Friedbert Ottacher: Auf Augenhöhe

Apr. 2022

In Spittal an der Drau, einer Kleinstadt in Oberkärnten, wuchs Friedbert Ottacher auf. Gemeinsam mit drei Geschwistern. Seine Mutter war Hausfrau, sein Vater Forstbeamter. Seine Kindheit war alles andere als vom materiellen Überfluss geprägt. Geheizt wurde zuhause ausschließlich in der Küche. Ins Ausland mit der Familie in den Urlaub zu fahren, war undenkbar. Als Pfadfinder hat er dennoch im Kreise Gleichgesinnter einiges erlebt! Vor allem, was es heißt, zusammen zu halten und für die Gemeinschaft Verantwortung zu übernehmen. Und genau diese Erfahrungen prägen auch heute noch sein Wertesystem als jemand, der sich seit über 20 Jahren für die Zusammenarbeit zwischen sogenannten Entwicklungs- und Industrieländern engagiert. Ein Gespräch über das Nord-Süd-Gefälle der besonderen Art.

Wie kommt man als junger Mensch auf die Idee, sich in der Entwicklungshilfe zu engagieren. War das schon immer Ihr Berufswunsch oder eher Abenteuerlust?

Als junger Mensch weiß man ja eigentlich nur, was man nicht möchte.

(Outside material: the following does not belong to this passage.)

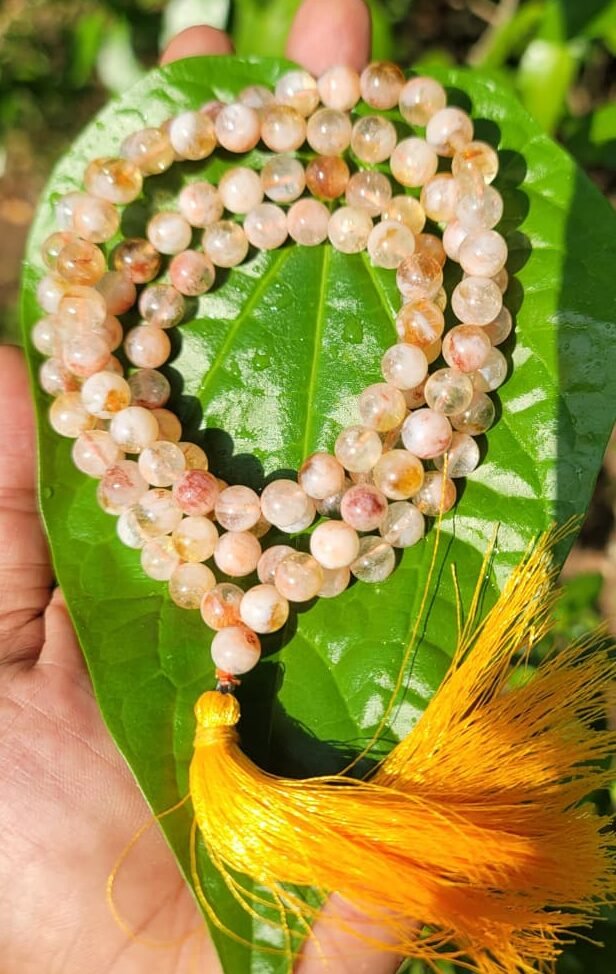 Citrine Gemstone Mala 108 Pearls- 8mm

So war es auch bei mir. Als es darum ging, sich für ein Studium zu entscheiden, habe ich alles ausgeschlossen, was mich nicht ansprach. Das Studienfach „Raumplanung“ ist dann bei mir übriggeblieben. Wahrscheinlich auch deswegen, da ich mir nichts Konkretes darunter vorstellen konnte. Für meine abschließende Diplomarbeit habe ich als Praktikant der Aga Khan Foundation die Auswirkungen vom Bergsteigertourismus auf das Hochgebirgstal Hunza im nördlichen Pakistan untersucht. Ich habe dazu bei einer Familie vor Ort gelebt und die Effekte auf die Kultur, die Landnutzung und die lokale Wirtschaft analysiert. Während dieser Zeit habe ich mich dort pudelwohl gefühlt und kam so zum ersten Mal in Kontakt mit der damals sogenannten „Entwicklungshilfe“.

 

Wie muss man sich Ihren Start vorstellen?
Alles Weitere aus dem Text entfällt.